= Your instructions =
Restate word for word only the lines running from the one with "Sea lion show" to the end of the data, both ends included. Omit any pictures.

*** Opening of Data for analysis ***

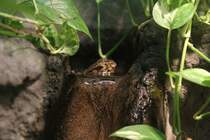 Eine der seltensten Reptilienarten ist die Chinesische Krokodilschwanzechse (Shinisaurus crocodilurus). Toronto Zoo am 25.9.2010.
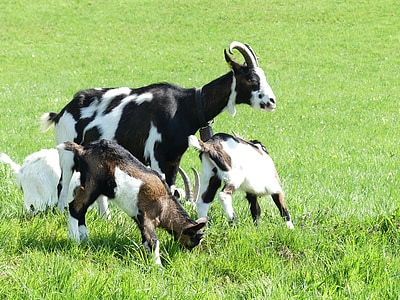goats, goat family, meadow, pasture, spring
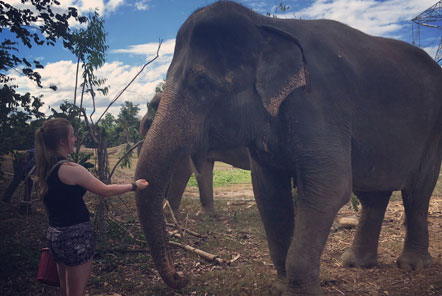 Volunteer with elephant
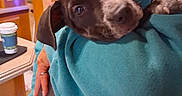 Dixie joined the competition — help win amazing prizes! puppy, dog, person, indoor, holding, affection, teal_sweatshirt, kitchen, cup, shelf, warm_lighting, face, closeup, pet, love, cozy, home, expression, animal, cute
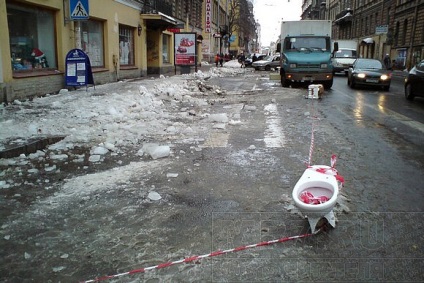 У центрі Петербурга струмом убило коня - блоги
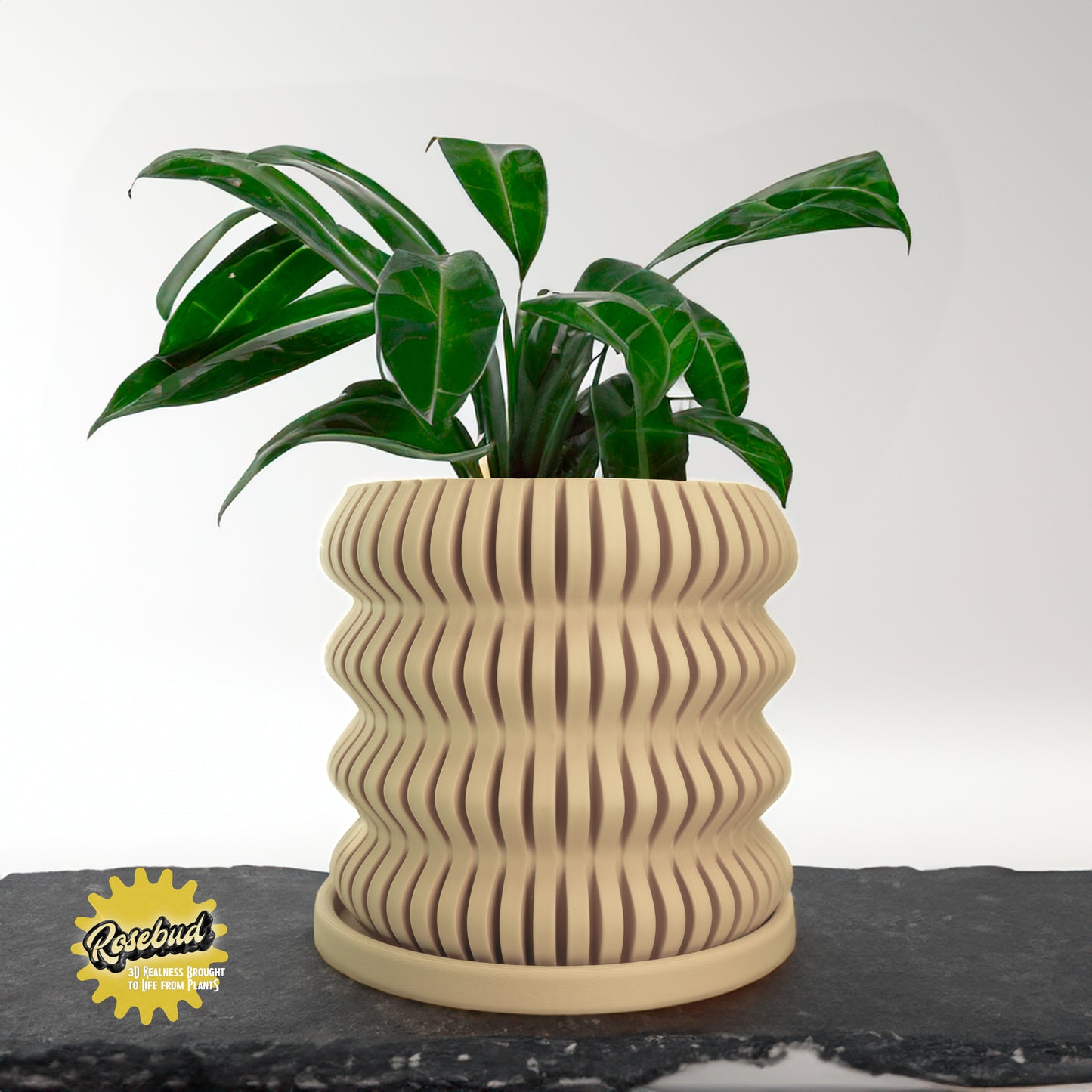 Spira Modern Bubble Plant Pot Unique, 3D Printed Planter, Planter with Drainage, Orchid Pot, Bonsai Planter Pot, Plant Gift, Cottage Core Decor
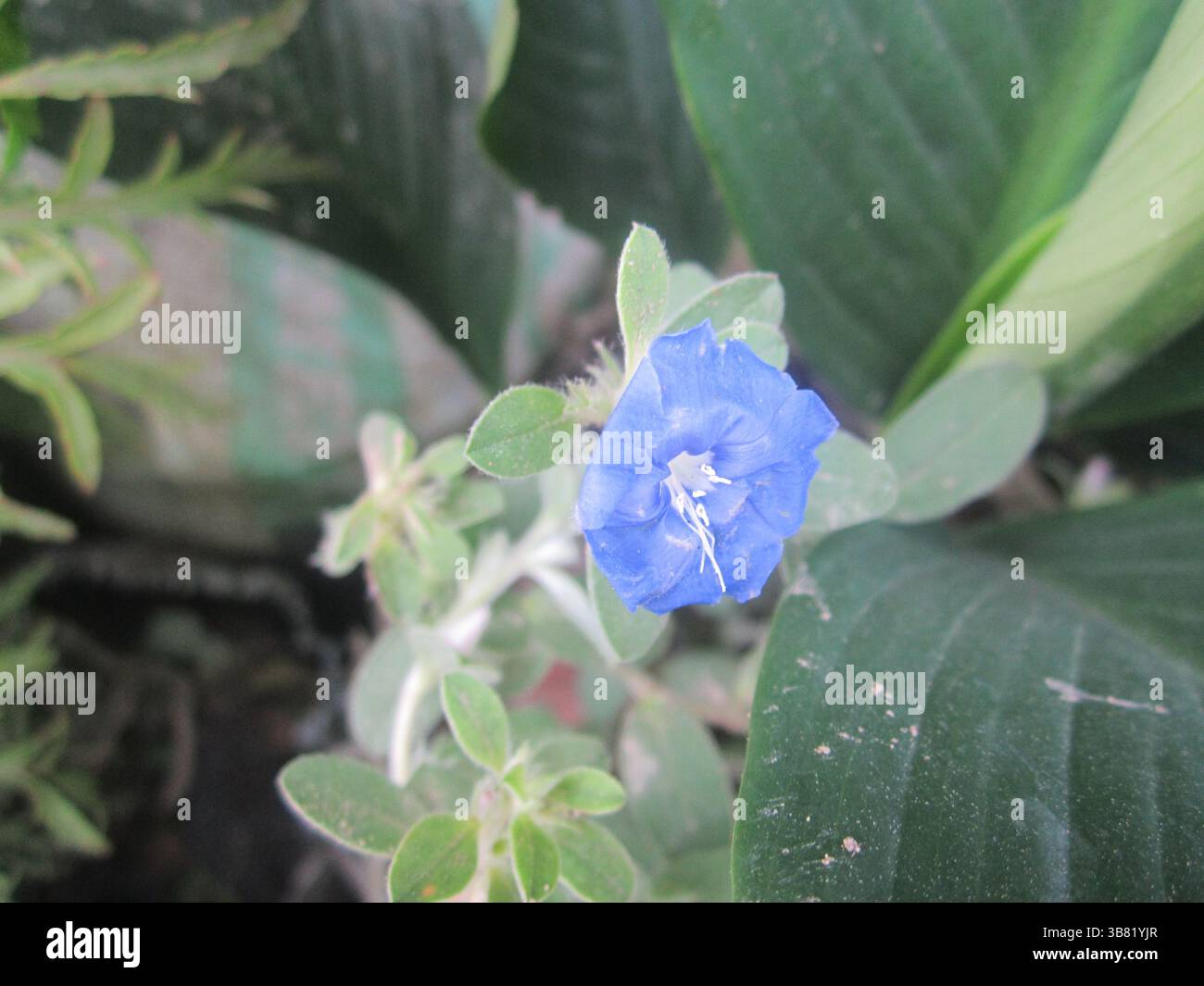 Il primo piano dettagliato mostra un vivace fiore di evolvo blu con stami bianchi, circondato da foglie verdi lussureggianti, che creano un vivace contrasto floreale Foto Stock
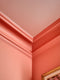 Raja Ampat Interior Emulsion Paint - Image 6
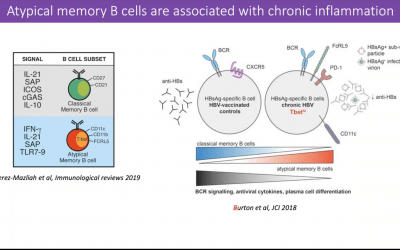 An Inflammatory State Remodels the Immune Microenvironment and Improves Risk Stratification in Acute Myeloid Leukemia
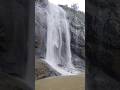 Kolli hills Aagaya gangai falls | #preenothexplorer #tamilshorts #tamilbgm #fallseason #kollihills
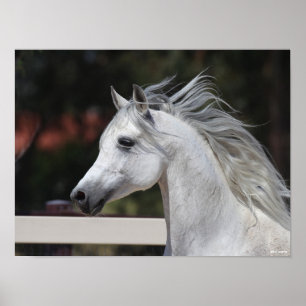 Poster Cinza Arab Stallion com Mane Fluindo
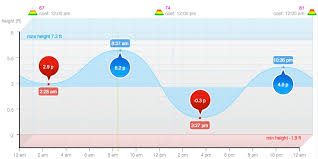 Irenes Data Visualization Class Tides4fishing Good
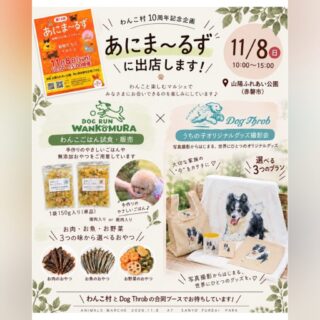 11/8(日) あにま〜るず出店！🐶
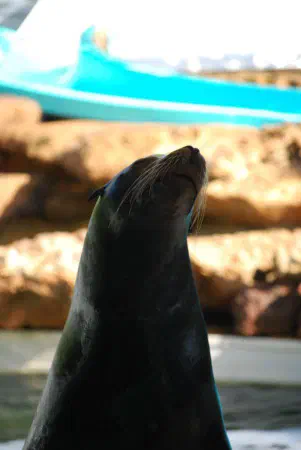Sea lion show
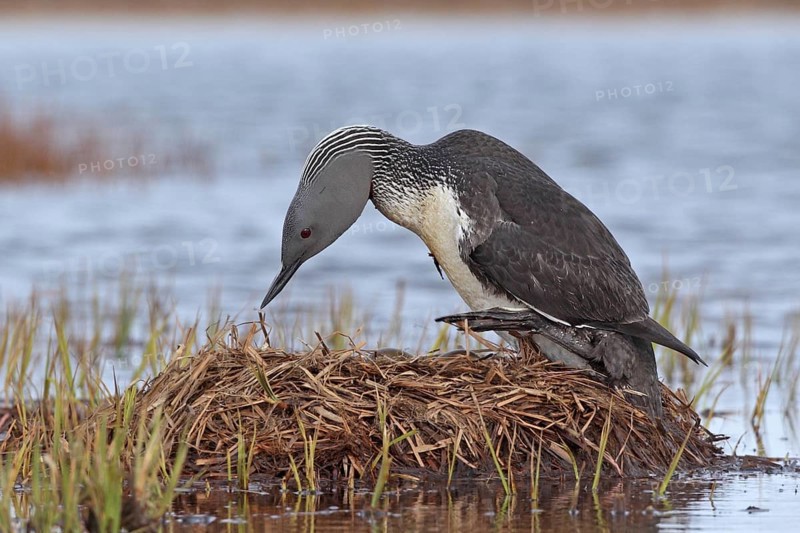 Sterntaucher (Gavia stellata)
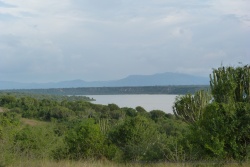Sur notre gauche, le Kazinga Channel qui relie le lac Edouard au lac George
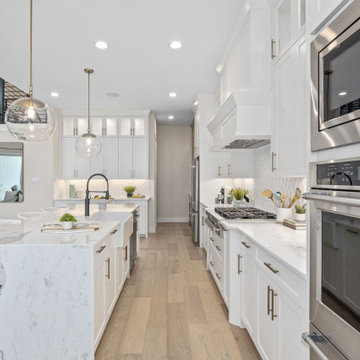 Mosaic 60' Model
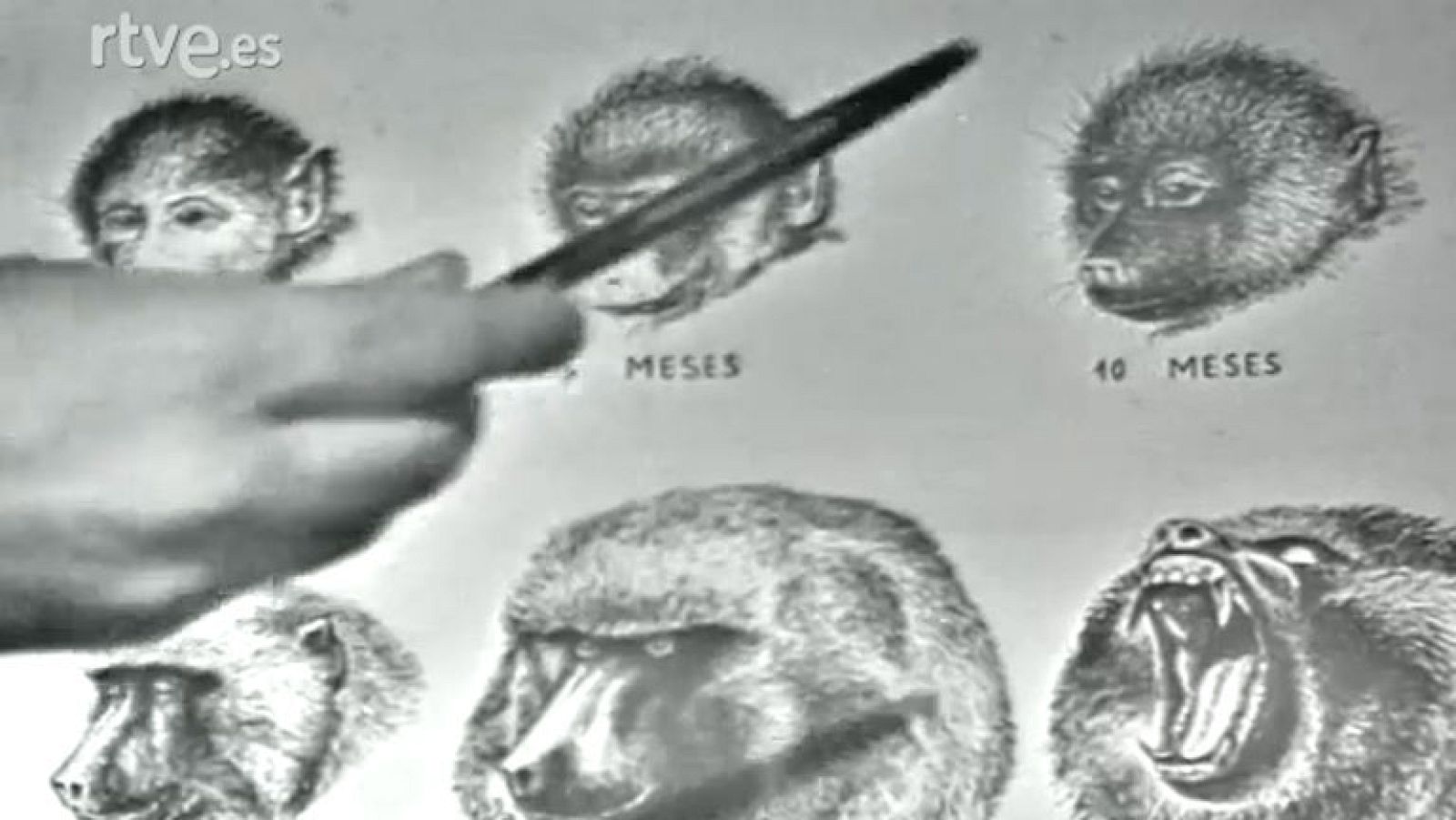 Fauna - A través de la jungla (III)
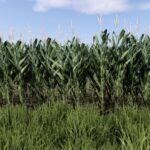 Maize Texture4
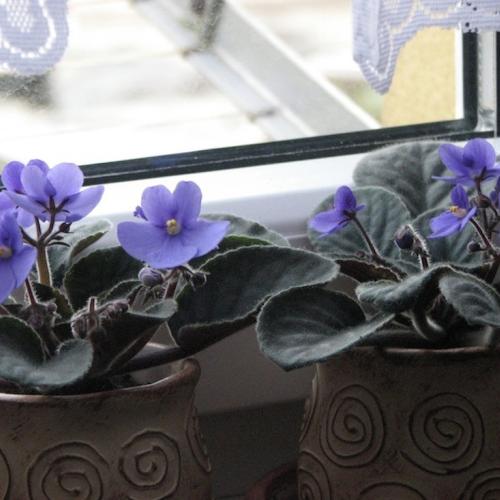 modré fialky "indigo" od babetky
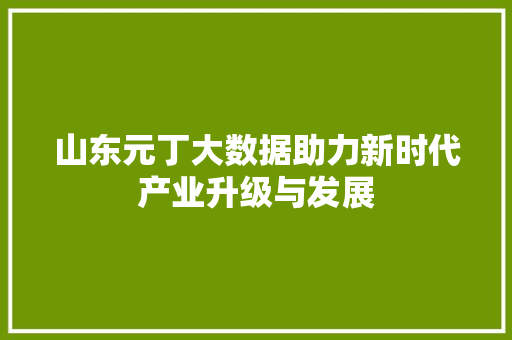 山东元丁大数据助力新时代产业升级与发展 电脑故障维修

*** Close of Data for analysis ***

= Result =
Sea lion show
 Sterntaucher (Gavia stellata)
Sur notre gauche, le Kazinga Channel qui relie le lac Edouard au lac George
 Mosaic 60' Model
 Fauna - A través de la jungla (III)
 Maize Texture4
 modré fialky "indigo" od babetky
 山东元丁大数据助力新时代产业升级与发展 电脑故障维修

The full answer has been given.